Masters’ gardens for everyone, everywhere

Suzhou gardens have played an important role in promoting Chinese culture and art to an international audience since ancient times, according to forum speakers.

Cultural exchanges between China and Japan and Korea started as early as in the Han Dynasty (206 BC – AD 220) and gardens in the two Chinese neighbors have all been heavily influenced by classical Chinese gardens, and together they have formed the system of Oriental gardens, said Yang, the museum director.

While in the West, the Chinese philosophy and design of gardens was first reported on by Marco Polo in the 13th century who hailed Suzhou as the Venice of the East.

From the early 17th century onwards, Catholic missionaries helped to spread the word about the clever and impactful landscaping style, igniting a rage for Chinoiserie, a use of Chinese motifs and designs in western art, furniture and architecture, which would peak in the 1700s, according to Jia.

In 1981, the Metropolitan Museum of Art in New York City created the Astor Court, also known as the Ming Hall, to display a collection of Ming Dynasty (1368-1644) domestic furniture it had purchased. The court, based on a small courtyard within Wangshiyuan, Master-of-Nets Garden in Suzhou, was built by expert craftsmen from China.
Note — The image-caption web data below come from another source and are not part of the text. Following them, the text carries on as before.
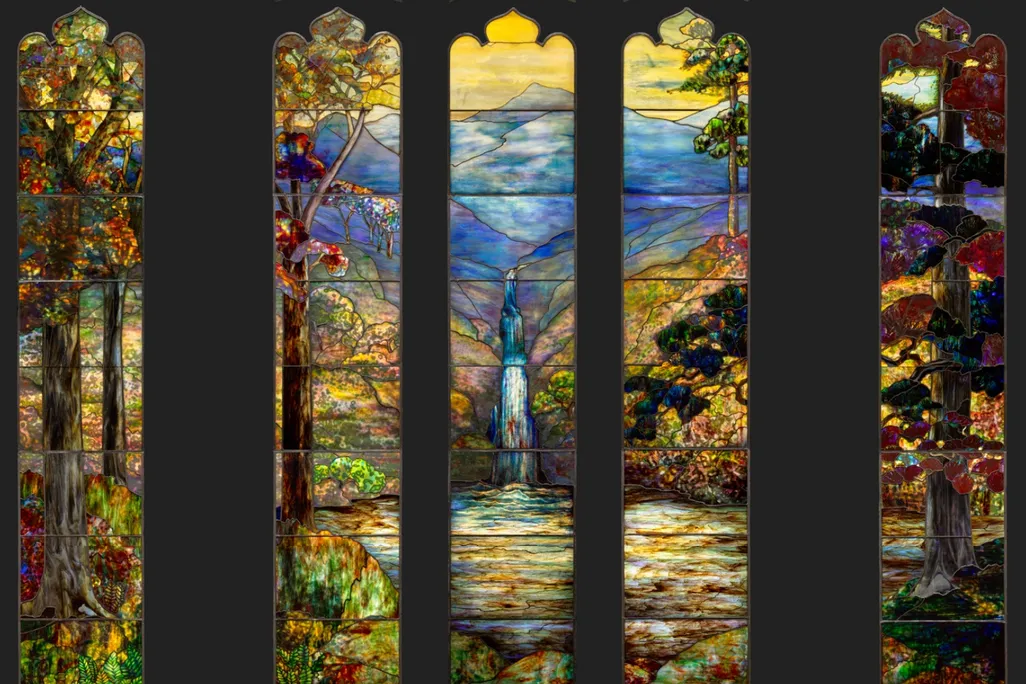 Five thin panels of stained glass, two on either side and three grouped closely together, depict a colorful landscape with blue mountain in the background and a waterfall flowing into a yellow green pond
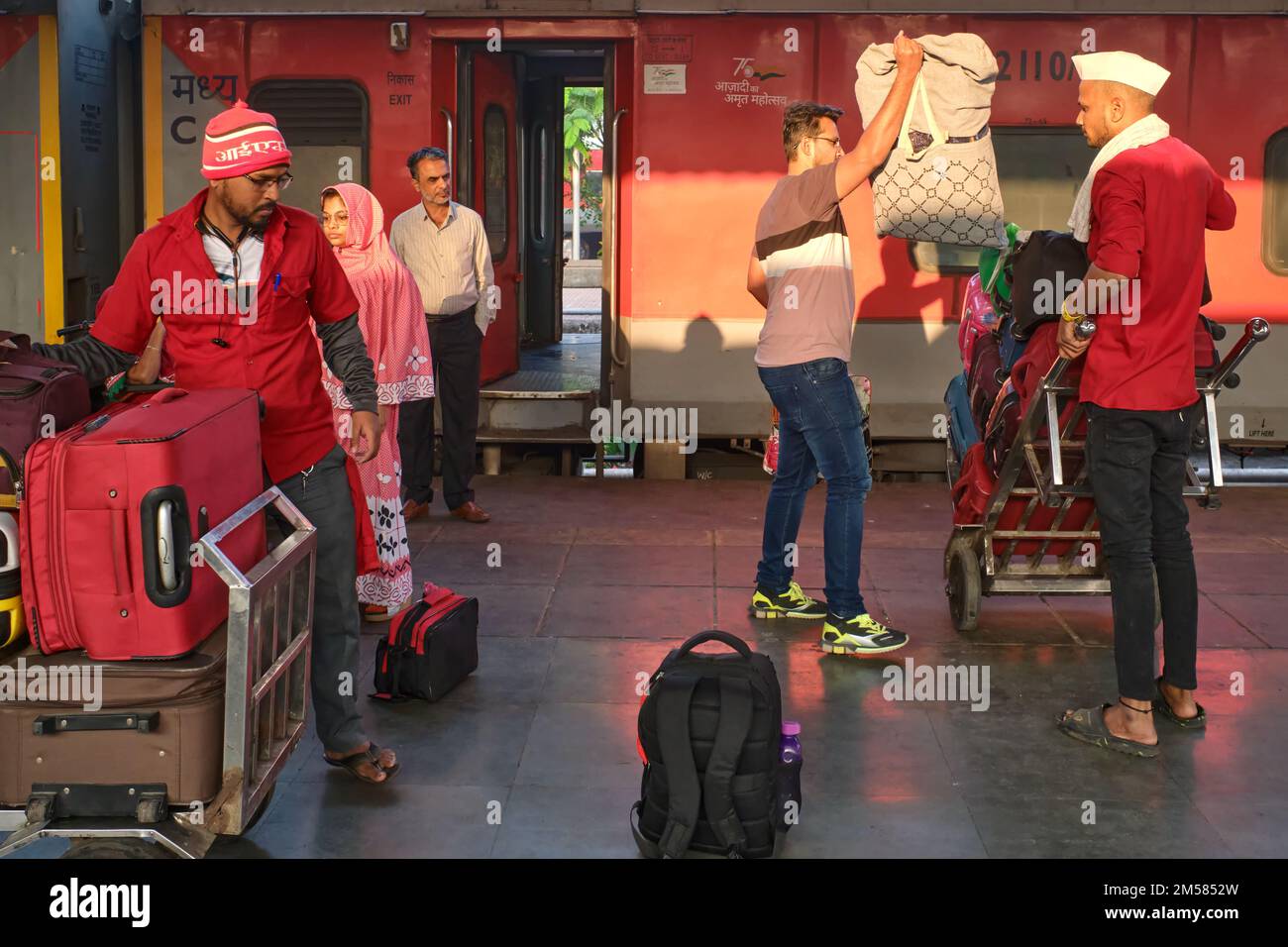 Passengers and porters on a platform of  Chhatrapati Shivaji Maharaj Terminus in Mumbai, India, a newly arrived train in the background Stock Photo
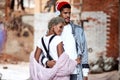 Mixed race confident stylish male wears headphones, embraces his mulatto girlfriend, pose together against brick wall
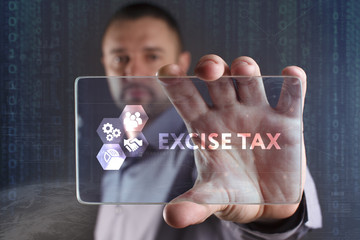 Business, Technology, Internet and network concept. Young businessman working on a virtual screen of the future and sees the inscription: Excise tax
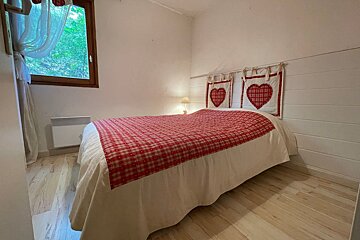 A bedroom with a bed and hearts on the headboard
A view of the Astor Court [Photo/Official website of the Metropolitan Museum of Art]

The Astor Court represents the first permanent cultural exchange between China and the US and Suzhou’s first exported classical garden project. Suzhou has since exported more than 50 gardens to some 30 countries and regions, including France, Switzerland, Germany and Malta, according to the Suzhou bureau.

Zhu from Suzhou World Cultural Heritage Classical Gardens Protection and Supervision Center introduced that many Suzhou gardens and classical Chinese gardens in America, Canada and Australia, have become sister gardens.

For example, Humble Administrator’s Garden has become sister gardens with the Huntington Chinese Garden in Los Angeles, Garden of Ease in Vancouver and Garden of Friendship in Sydney.

“Forming a sister garden partnership helps promote cultural exchanges between China and other countries,” Zhu said, adding that the city is planning to build more classical Chinese gardens abroad and they will serve as great spaces for showcasing various forms of Chinese culture and art.

“Those overseas Suzhou gardens are still physical exports. Most foreigners and even Chinese people may not understand the lifestyle philosophy that classical gardens advocate and the poems, paintings and music behind the gardens,” Jia noted.

The professor suggested more content such as films and games be developed to help better promote the culture and art about Suzhou gardens to a global audience.

Zhou Wuzhong, director of Innovative Design Center of Shanghai Jiao Tong University [Photo provided to chinadaily.com.cn]

Zhou Wuzhong, director of Innovative Design Center of Shanghai Jiao Tong University, remarked that Suzhou gardens epitomize Chinese aesthetics and announced at the forum that he would head a research institute established by the Suzhou government, which specializes in studying Oriental garden aesthetics.

The institute will be an open platform committed to unleashing the greater social value of Suzhou gardens, making them contribute more to enhancing urban life quality and boosting socio-economic development, according to Zhu.

Zhou suggested that a creative design contest themed on Suzhou gardens be held to pool great design ideas to promote the essential elements of Suzhou gardens around the world.